Reproduce verbatim the lines of the material below, starting at the line with "Vintage Handpainted Corinthian" and ending at the line with "Stylische, dicke Fleecejacke für Damen", both inclusive; skip the rest.

::: Working data

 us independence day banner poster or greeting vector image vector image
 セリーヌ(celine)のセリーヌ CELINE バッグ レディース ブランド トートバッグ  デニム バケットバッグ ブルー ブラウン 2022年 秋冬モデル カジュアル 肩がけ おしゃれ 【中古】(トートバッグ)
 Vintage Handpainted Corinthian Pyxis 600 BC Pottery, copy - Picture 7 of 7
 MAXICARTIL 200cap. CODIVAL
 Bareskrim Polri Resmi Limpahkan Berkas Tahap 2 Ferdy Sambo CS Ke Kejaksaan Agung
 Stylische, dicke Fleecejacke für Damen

::::::
::: Working data

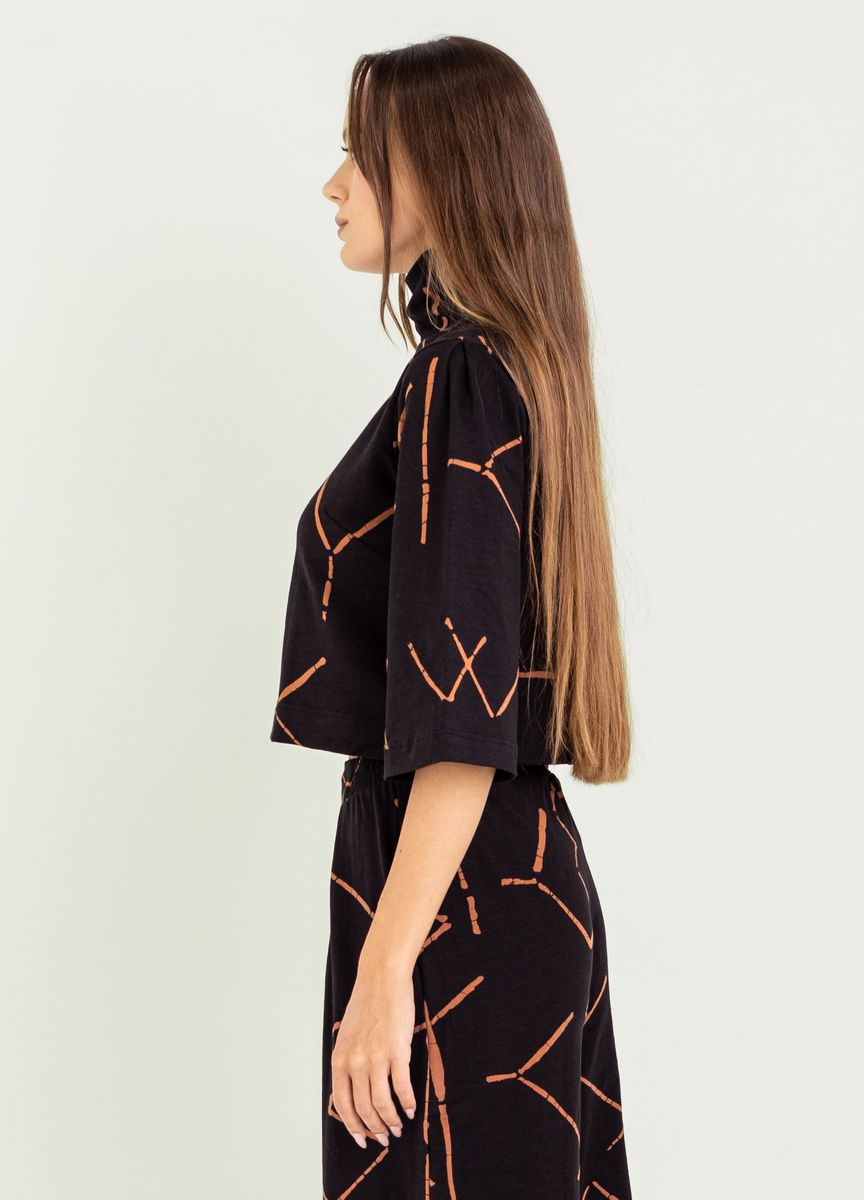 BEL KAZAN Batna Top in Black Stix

::::::

Answer box:
 Vintage Handpainted Corinthian Pyxis 600 BC Pottery, copy - Picture 7 of 7
 MAXICARTIL 200cap. CODIVAL
 Bareskrim Polri Resmi Limpahkan Berkas Tahap 2 Ferdy Sambo CS Ke Kejaksaan Agung
 Stylische, dicke Fleecejacke für Damen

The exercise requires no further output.